"What's the trouble out there, I wonder?" said he.

"Go and see," replied the sergeant with a sleepy yawn: "that's the only way to find out."

"Sergeant," said the officer of the guard, "if those horses have had grass enough, have them brought in and tied to the stable-lines. Look well to their fastenings."

"Corporal of the guard, No. 7!" came the call again; and this time it was uttered in a louder and more earnest tone.

Bob, who was walking toward post No. 7 with a very deliberate step, now broke into a run, and George jumped up and followed him. A fortunate thing it was for that camp and its inmates that he did so. His thorough acquaintance with the ways of some of the inhabitants of the Plains enabled him to prevent a catastrophe which would certainly have resulted in a serious loss of life, and brought Captain Clinton's scout to an inglorious end then and there.

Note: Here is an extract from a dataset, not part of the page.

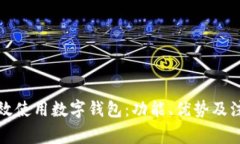 如何高效使用数字钱包：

When he and the corporal reached post No. 7 they found the sentry on duty there lying flat on his stomach and gazing earnestly toward the horizon.

"What's the matter, Sprague?" demanded Bob.

"I don't know, I am sure," replied the sentry. "If the hostiles had made up their minds to pay us a visit, they wouldn't make such a racket as that, would they? There! don't you hear it? Something's coming this way, I tell you, and coming on a keen jump, too."

The three held their breath and listened intently. A second later the breeze brought to their ears the sound that had attracted the attention of the sentry—a deep, rumbling sound, faint and far off, but increasing perceptibly in volume. It resembled the constant muttering of distant thunder, but they all knew it was not that. Bob's face brightened at once, but George's grew pale. The corporal did not know the danger that threatened them, but his companion did; he had heard something like it before. He had heard it on the night that Fletcher and his band of raiders stampeded his stock, and he had thrown himself into an old buffalo-wallow and allowed three hundred frantic cattle to gallop over his head.

"Why, it must be cavalry from Fort Tyler," said Bob at length.—"But I'll tell you what's a fact, boys," he added, as a fresh gust of wind brought the sound more plainly to his ears: "there must be lots of them, for I never heard such a roar of hoofs before. They are coming this way, too. I hope they'll not run over us."

"Well, they will run over us," said George, speaking quickly but calmly, "unless you take immediate steps to prevent it. They are not cavalry; they are buffaloes."